Take a walk through Lebanon's cultural history on a visit to Hamra Street (Rue Hamra) in Beirut. In the 1960s and 1970s, the neighborhood served as a cultural epicenter for progressive artists and thinkers, its many art galleries and multicultural way of life representing a new era in Lebanese history. Though far more commercial present day, Hamra maintains its energetic atmosphere, and a visit to the neighborhood is highly recommended.
Thanks to a new wave of bars and restaurants and a lasting (and thriving) art scene, Hamra is still one of the most cosmopolitan neighborhoods in the city, and is frequented by tourists, locals and students from the nearby American University of Beirut.

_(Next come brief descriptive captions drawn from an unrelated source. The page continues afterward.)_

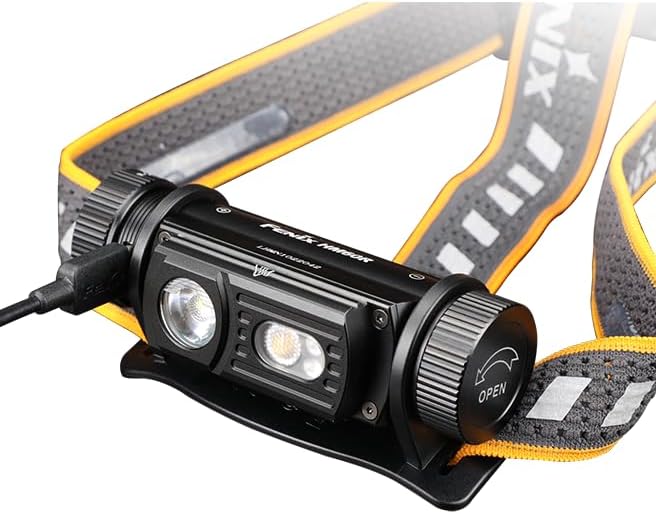 fenix HM60R Headlamp, 1300 Lumen USB-C Rechargeable with Flood Light, Red Light and Organizer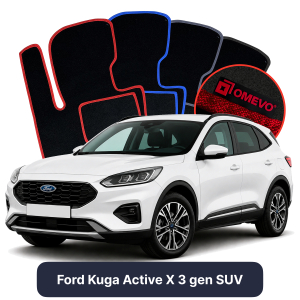 Velurové autokoberce OMEVO pro Ford Kuga Active X 3 gen SUV (2019-2025)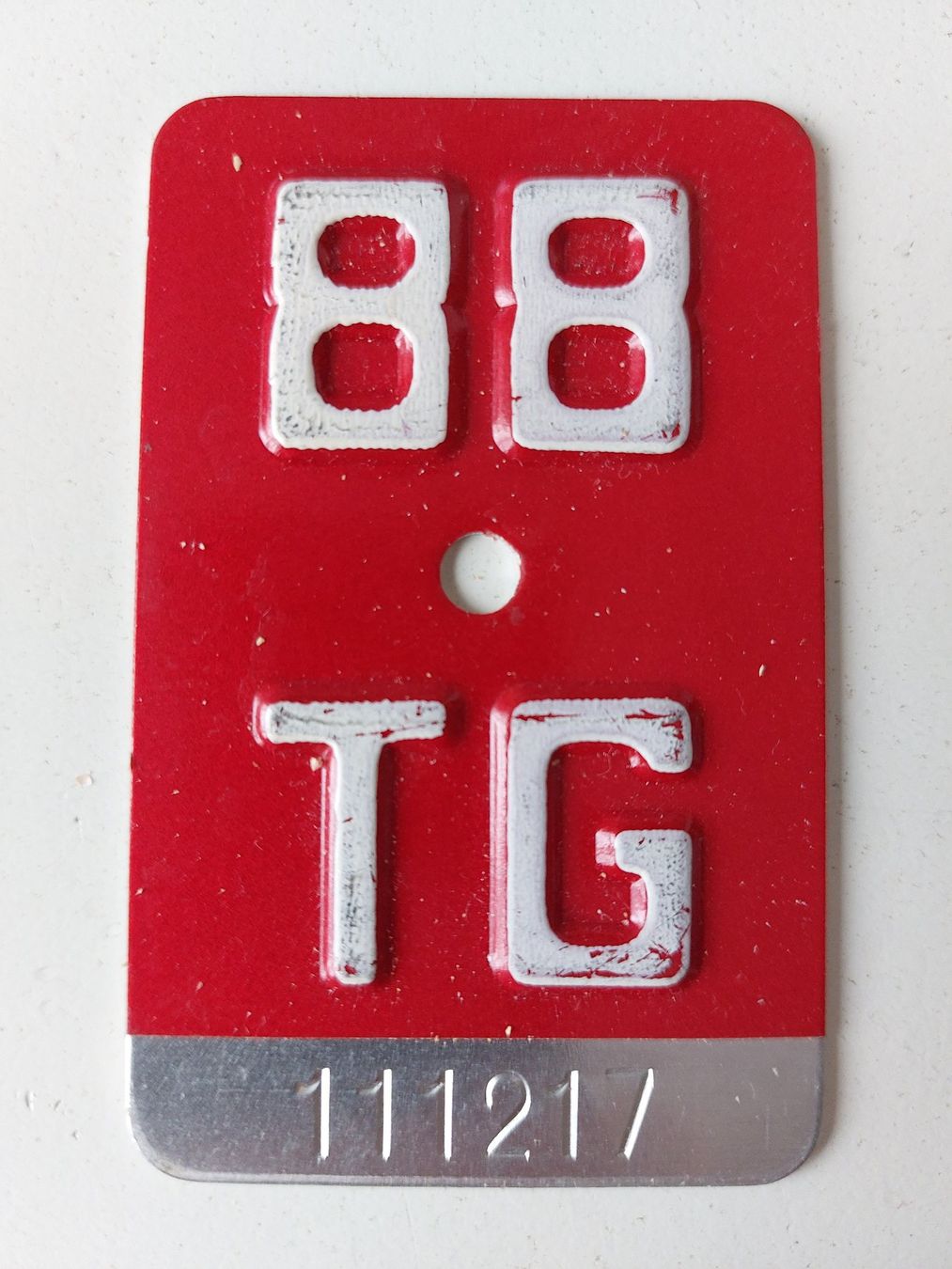 Sachs Insegne: Velonummer TG 88 plaque Velo – Usato da Schenkon venduto da Uhu007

While most of the original art galleries no longer exist, numerous new ones have taken their place, including Art Circle, Agial and Zaman. Theaters and music venues also call the street home, with Metro Madina, Masrah Babel and Democratic Republic of Music offering a range of cultural performances as well as a modern venue.
Insider’s Tip: Hamra Street is crowded and clogged with traffic throughout most of the day. If arriving by taxi, it’s best to get out at the entrance to the area and walk.
A visit to Hamra can be combined with a trip to the National Museum plus the Mim Mineral and Banque Du Liban museums on a Beirut museums day tour. If not arriving as part of a tour, you can reach Hamra Street by taxi or on foot.